Sunday, April 27, 2008

Being left

Mum went without a word - her drug chart would have told you why. As the memory of life sharply began to fade, her beauty was astounding. Smooth skin, pure lips and these quiet eyelids of peace that said a devastating thank you. Outside, the shiny night brought suffocating loss and almost sweet reunion with the world. New Cross was still there and the street lamps still spewed light. Newfound smarting pressure and peculiar guilty relief whipped and spiralled around my body, shying from the fuzziness of my head.

When Daddy wasn’t coming home anymore it was all different - screams and confusion, crisis, tragedy and the unexplained, ubiquitous ‘red tape’ that apparently was all. Endless telephone conversations with countless people were overheard; whole rooms filled with cellophane, carnation and gypsum; three in a bed, cuddles and tears and sobbing and heaving; shock and utter pain. Even before this was death - Granddad‘s disappearance bore the same label but contained only confusion. Not understanding why I couldn’t wear my red pinafore dress didn’t stop me from dancing with relatives in my Auntie’s dining room.
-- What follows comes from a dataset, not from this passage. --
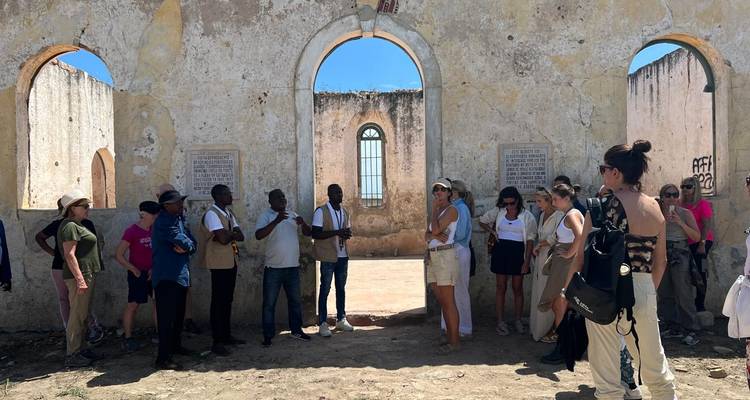 Un groupe de touristes écoute un guide à l'intérieur des ruines ensoleillées d'une ancienne église de pierre aux fenêtres voûtées.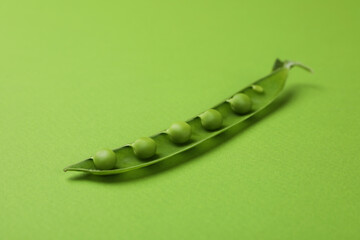 Green pea pod with seeds on green background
Absence was present but I couldn’t feel its cold.

The first day without Mummy was all daffodils and yellow bed sheets and a peculiar aching sunny confusion. It seemed like spring was commanding strength. I had cried desperately for a week beforehand and at this point, I stopped. There was much less cellophane, carnation and gypsum; there was tragedy but it was the sort that slips in, accepted like nausea - not the superlative Shakespeare kind. Tragedy’s almost more tangible - this was real loss and I recognised it because I began to pretend I couldn’t feel it.

1 comment:

Anonymous said...

Wow...this is truly beautiful, poignant, and creative writing.